Anyhow adorama added their 3 year warranty on it for 80$. Which covers anything, even drops. So yes please. And I'll even send it in towards the end just to get it freshened up....... They even said they'll replace the shutter. Which is amazing because of how many images I take. So I asked if I did 500,000++++ they would replace it, and he said yep. 
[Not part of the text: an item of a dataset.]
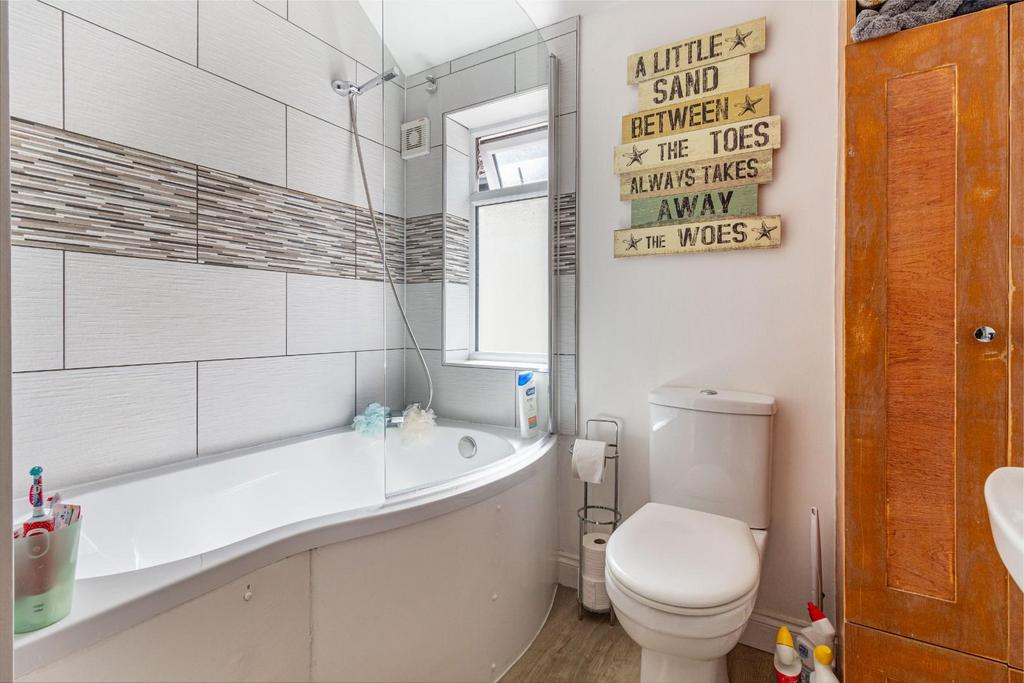 Bathroom-2.jpg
Sent from my XT1650 using ThePhotoForum.com mobile app


----------



## astroNikon (Apr 4, 2017)

Mashburn said:


> So I purchased a refurbished d750. It was for one of the sells agent to use for Nikon. Not sure what the shutter count is, but they think it's zero (which I'm not sure how that would be).
> 
> Anyhow adorama added their 3 year warranty on it for 80$. Which covers anything, even drops. So yes please. And I'll even send it in towards the end just to get it freshened up....... They even said they'll replace the shutter. Which is amazing because of how many images I take. So I asked if I did 500,000++++ they would replace it, and he said yep.


I know with BestBuy, if they use it as a display model they have to send it back to Nikon.  Body or lens.  So they could have a body or lens sitting in a cabinet for display.  Then when a new model comes out or they remodel, etc. they cannot sell that camera as new NOR can they sell it as a "open box" or anything.  They have to send it back to Nikon and then it will get redistributed as a "refurb".  This helps preserve their used prices according to what I was told and prevents in-store buyers from opting for a cheaper option.


----------



## lance70 (May 2, 2017)

Nikon 750 and don't look back.


----------



## astroNikon (May 2, 2017)

Mashburn said:


> So I purchased a refurbished d750. It was for one of the sells agent to use for Nikon. Not sure what the shutter count is, but they think it's zero (which I'm not sure how that would be).
> 
> Anyhow adorama added their 3 year warranty on it for 80$. Which covers anything, even drops. So yes please. And I'll even send it in towards the end just to get it freshened up....... They even said they'll replace the shutter. Which is amazing because of how many images I take. So I asked if I did 500,000++++ they would replace it, and he said yep.
> 
> Sent from my XT1650 using ThePhotoForum.com mobile app


It's been nearly a month ... how's the D750 performing ?


----------



## shadowlands (May 2, 2017)

Welcome to Full Frame!!! Congrats!!!


----------